The Chicago Tribune reports on last month’s election in Argentina.

Excerpt:

Under the current president, Cristina Fernandez, Argentina has become an international financial pariah. The country defaulted on debt last year in a long-running feud with hedge funds — remarkably, that was the eighth default in Argentina’s history.

Fernandez refused to settle. That’s left the country to squeak by in isolation, using protectionism and capital controls in a quixotic battle with globalism. The economy is stagnant, foreign currency reserves are dwindling and the inflation rate is around 30 percent. Last week, American Airlines said it stopped accepting pesos for ticket sales because it was tired of collecting revenue it couldn’t convert to dollars.

At times Argentina has embraced trade and economic openness, only to slip back into bad habits thanks to populist Peronistas like Fernandez. Macri, a conservative, wants to re-establish free market principles, but there are a lot of details he didn’t fully explain before his November victory because they will require some short-term pain, and he wanted to win the election.

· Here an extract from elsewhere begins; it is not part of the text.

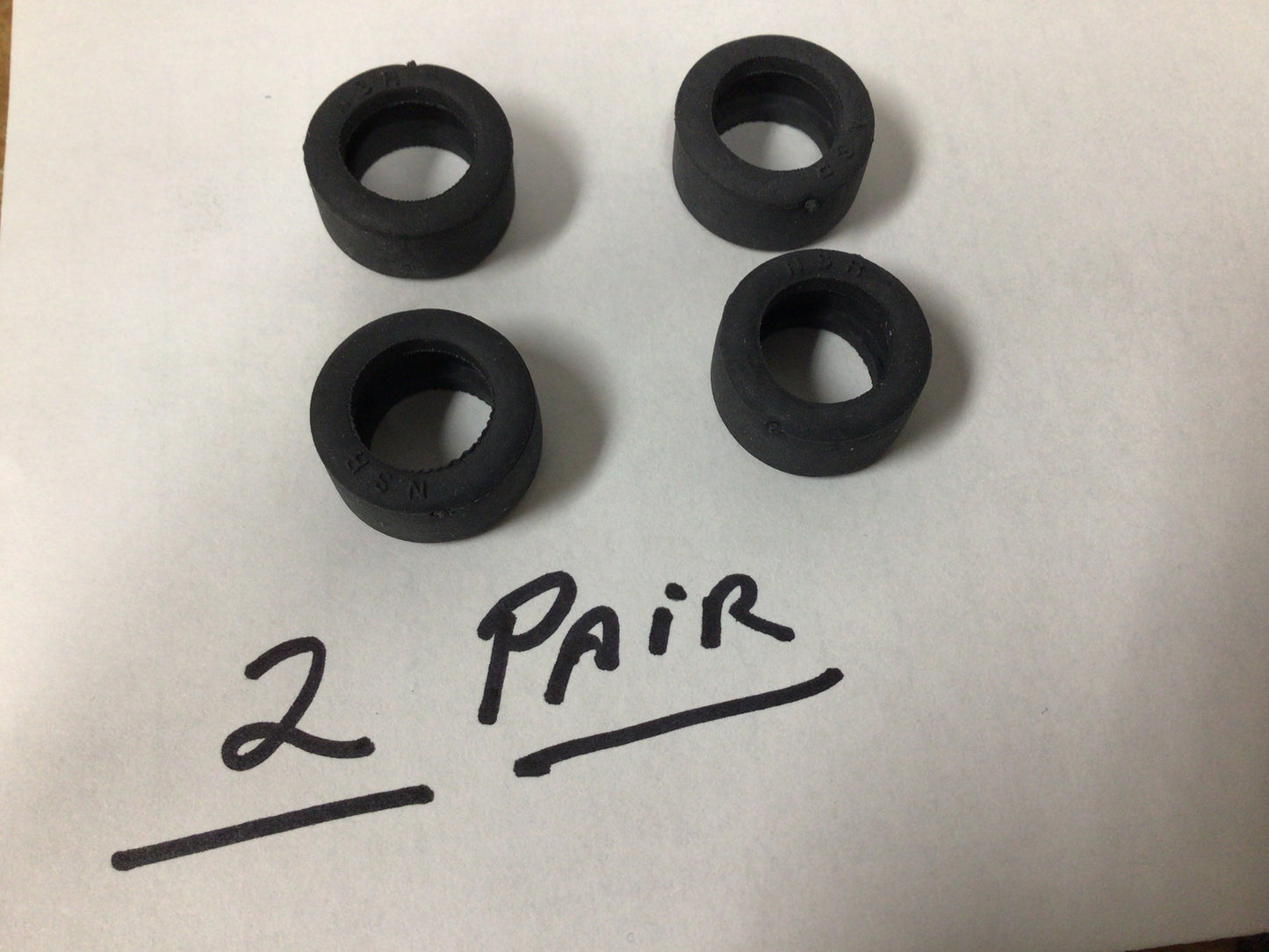 2 pair. Motown "SPEC TIRE" (approved for use in Motown Mosler Showdown)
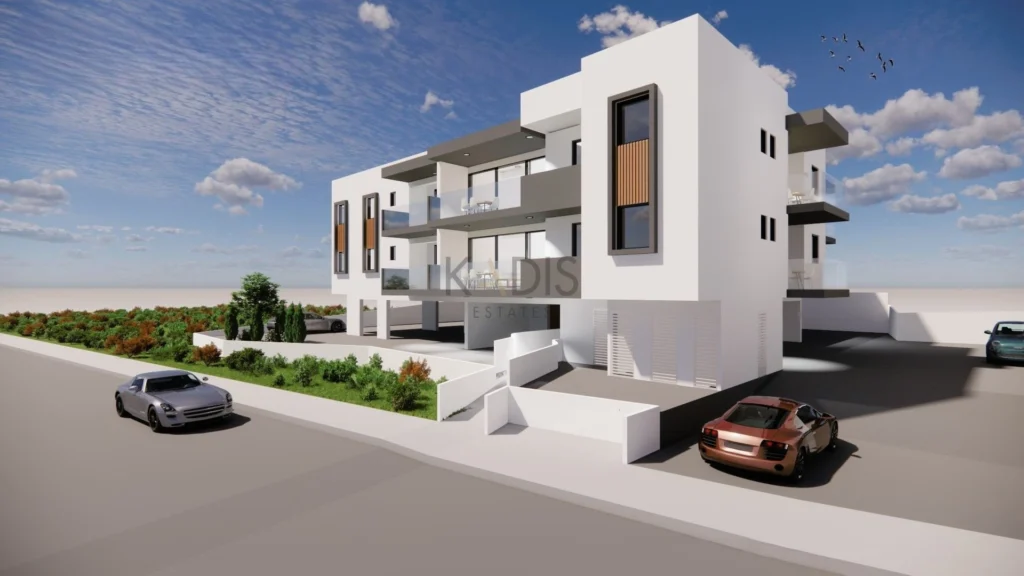 1 Bedroom Apartment for Sale in Tseri, Nicosia District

Everything Macri is talking about makes sense. He says he will lift the capital controls that have wrecked the peso’s credibility. Like other backwaters it shouldn’t resemble, Argentina has a thriving black market because the government insists the peso is worth a lot more than its actual value. Freeing the currency would devalue it, a first step toward making Argentina more competitive.

The next big step would be to negotiate a settlement with the hedge funds that bought up Argentina’s debt after its previous default in 2002 and demand repayment. Fernandez got political mileage from attacking the “vultures,” but Macri seems to understand Argentina can’t get unstuck when it’s essentially shut out of international capital markets. He sounds like he wants to do a deal.

Macri’s got a tremendous balancing act to pull off: He’ll need to cut spending and reduce taxes without destroying the country’s big social safety net, while walking the country through a devaluation.

This is how countries that are ruled for a prolonged period by the political left eventually end up. I know so many of you lose heart and think that there is no hope, but there is hope. Even in countries where the left is running everything from the universities, to the judiciaries, to the mainstream media, there is hope.

Over the last 7 years, Obama added $10 trillion to the national debt. And although few of his Democrat low-information voters know about that, they will be able to tell the difference between prosperity and poverty when the United States reaches the Venezuela / Argentina tipping point. There comes a time when there are no more bailouts for the economics deniers. Reality wins in the end.